Education for the economy of the future II

Bloomberg Businessweek just published their New Rules for the modern workplace. Their list:

Rule No. 1: Your job is temporary. Where you start isn’t where you’ll end up. Your job, company, and profession may completely change because of mergers and acquisitions, layoffs, outsourcing, automation, and various other factors that are outside your control.

Rule No. 2: Do not let your job description confine you. … While you’re managing your role, you should be acquiring new skills to help carry you to your next role.

Rule No. 3: Your Rolodex is more important than your knowledge base. We’ve moved from the information economy to the social economy. Companies are hiring based on cultural fit, connections, and soft skills over a candidate’s ability to get the job done.

Rule No. 4: Your experiences matter more than your title.

Rule No. 5: Your personal reputation is your greatest asset.

Add these to the non job specific attributes that we have explored in previous posts that employers are increasingly looking for and that will most define who has successful careers in the future. And then ask yourself whether policy makers in emphasizing standardized test results,  job specific skills and online learning are moving k-16 education towards or away from the economy of the future.
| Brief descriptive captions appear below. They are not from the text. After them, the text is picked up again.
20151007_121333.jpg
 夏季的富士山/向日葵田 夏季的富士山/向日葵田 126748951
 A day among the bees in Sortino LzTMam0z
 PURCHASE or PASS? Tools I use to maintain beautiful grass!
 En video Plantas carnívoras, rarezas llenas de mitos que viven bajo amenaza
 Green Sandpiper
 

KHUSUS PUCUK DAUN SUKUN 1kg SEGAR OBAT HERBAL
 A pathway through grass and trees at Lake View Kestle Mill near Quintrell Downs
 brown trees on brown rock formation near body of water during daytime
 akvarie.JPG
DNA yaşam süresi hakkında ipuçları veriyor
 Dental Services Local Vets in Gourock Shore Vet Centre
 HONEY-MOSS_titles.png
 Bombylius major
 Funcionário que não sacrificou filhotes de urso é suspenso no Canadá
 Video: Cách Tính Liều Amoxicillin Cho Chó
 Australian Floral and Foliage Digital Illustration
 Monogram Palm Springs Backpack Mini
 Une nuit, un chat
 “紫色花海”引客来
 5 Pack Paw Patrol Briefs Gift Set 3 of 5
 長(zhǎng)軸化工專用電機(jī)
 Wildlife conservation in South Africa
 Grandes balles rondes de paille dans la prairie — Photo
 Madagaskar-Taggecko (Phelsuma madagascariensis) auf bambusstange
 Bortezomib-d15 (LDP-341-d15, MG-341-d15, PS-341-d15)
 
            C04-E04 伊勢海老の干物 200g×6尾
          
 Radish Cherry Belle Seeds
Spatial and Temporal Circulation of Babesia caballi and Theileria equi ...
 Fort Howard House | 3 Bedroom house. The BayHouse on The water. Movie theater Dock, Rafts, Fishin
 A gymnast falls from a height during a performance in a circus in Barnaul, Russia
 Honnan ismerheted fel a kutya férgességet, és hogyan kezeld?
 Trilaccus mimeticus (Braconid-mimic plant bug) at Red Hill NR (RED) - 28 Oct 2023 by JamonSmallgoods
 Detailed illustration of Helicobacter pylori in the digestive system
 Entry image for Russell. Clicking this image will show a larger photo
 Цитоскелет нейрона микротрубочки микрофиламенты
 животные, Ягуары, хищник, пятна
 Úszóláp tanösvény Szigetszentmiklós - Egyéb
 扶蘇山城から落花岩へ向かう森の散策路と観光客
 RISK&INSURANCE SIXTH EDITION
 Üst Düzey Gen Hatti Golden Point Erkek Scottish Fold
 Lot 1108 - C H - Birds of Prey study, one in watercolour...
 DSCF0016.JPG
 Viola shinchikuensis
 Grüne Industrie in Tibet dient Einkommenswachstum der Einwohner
Harvard’s Tony Wagner in his interview with Thomas Friedman I wrote about in my last post clearly thinks the answer is no. Friedman writes:

“We teach and test things most students have no interest in and will never need, and facts that they can Google and will forget as soon as the test is over,” said Wagner. …  More than a century ago, we ‘reinvented’ the one-room schoolhouse and created factory schools for the industrial economy. Reimagining schools for the 21st-century must be our highest priority. We need to focus more on teaching the skill and will to learn and to make a difference and bring the three most powerful ingredients of intrinsic motivation into the classroom: play, passion and purpose.” (Emphasis added.)

… “Teachers,” he said, “need to coach students to performance excellence, and principals must be instructional leaders who create the culture of collaboration required to innovate. But what gets tested is what gets taught, and so we need ‘Accountability 2.0.’ All students should have digital portfolios to show evidence of mastery of skills like critical thinking and communication, which they build up right through K-12 and postsecondary. Selective use of high-quality tests, like the College and Work Readiness Assessment, is important. Finally, teachers should be judged on evidence of improvement in students’ work through the year — instead of a score on a bubble test in May. We need lab schools where students earn a high school diploma by completing a series of skill-based ‘merit badges’ in things like entrepreneurship. And schools of education where all new teachers have ‘residencies’ with master teachers and performance standards — not content standards — must become the new normal throughout the system.”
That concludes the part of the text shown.